Hexafluorothioacetone is not attacked by water or oxygen at standard conditions as are many other thiocarbonyls.

Bases trigger the formation of a dimer 2,2,4,4-tetrakis-(trifluoromethyl)-1,3-dithietane. Bases includes amines.

The dimer can be heated to regenerate the hexafluorothioacetone monomer.

The dimer is also produced in a reaction with hexafluoropropene and sulfur with some potassium fluoride.

Hexafluorothioacetone reacts with bisulfite to form a Bunte salt CH(CF_{3})_{2}SSO_{2}^{−}.

Thiols reacting with hexafluorothioacetone yield disulfides or a dithiohemiketal:

R-SH + C(CF_{3})_{2}S → R-S-S-CH(CF_{3})_{2}.

R-SH + C(CF_{3})_{2}S → RSC(CF_{3})_{2}SH (for example in methanethiol or ethanethiol).

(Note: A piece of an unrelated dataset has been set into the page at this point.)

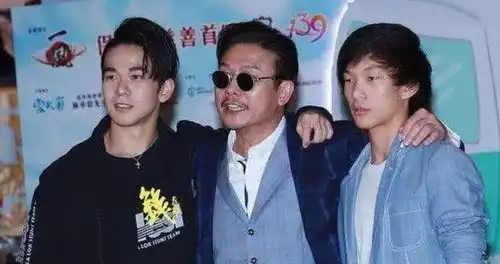 罕见同框前邵氏小生钱小豪获俩儿惊喜庆生,异母兄弟颜值差距大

With mercaptoacetic acid, instead of a thiohemiketal, water elimination yields a ring shaped molecule called a dithiolanone -CH_{2}C(O)SC(CF_{3})_{2}S- (2,2-di(trifluoromethyl)-1,3-dithiolan-4-one).
Aqueous hydrogen chloride results in the formation of a dimeric disulfide CH(CF_{3})_{2}SSC(CF_{3})_{2}Cl. Hydrogen bromide with water yields the similar CH(CF_{3})_{2}SSC(CF_{3})_{2}Br. Dry hydrogen iodide does something different and reduces the sulfur making CH(CF_{3})_{2}SH. Wet hydrogen iodide only reduces to a disulfide CH(CF_{3})_{2}SSC(CF_{3})_{2}H. Strong organic acids add water to yield a disulfide compound CH(CF_{3})_{2}SSC(CF_{3})_{2}OH.

Chlorine and bromine add to hexafluorothioacetone to make CCl(CF_{3})_{2}SCl and CBr(CF_{3})_{2}SBr.

With diazomethane hexafluorothioacetone produces 2,2,5,5-tetrakis(trifluoromethyl)-l,3-dithiolane, another substituted dithiolane. Diphenyldiazoniethane reacts to form a three membered ring called a thiirane (di-2,2-trifluoromethyl-di-3,3-phenyl-thiirane)

Trialkylphosphites (P(OR)_{3}) react to make a trialkoxybis(trifluoromethyl)methylenephosphorane (RO)_{3}P=C(CF_{3})_{2} and a thiophosphate (RO)_{3}PS.

Hexafluorothioacetone can act as a ligand on nickel.

Hexafluorothioacetone is highly reactive to alkenes and dienes combining via addition reactions. With butadiene it reacts even as low as -78 °C to yield 2,2-bis-(trifluoromethyl)-3,6-dihydro-2H-l-thiapyran.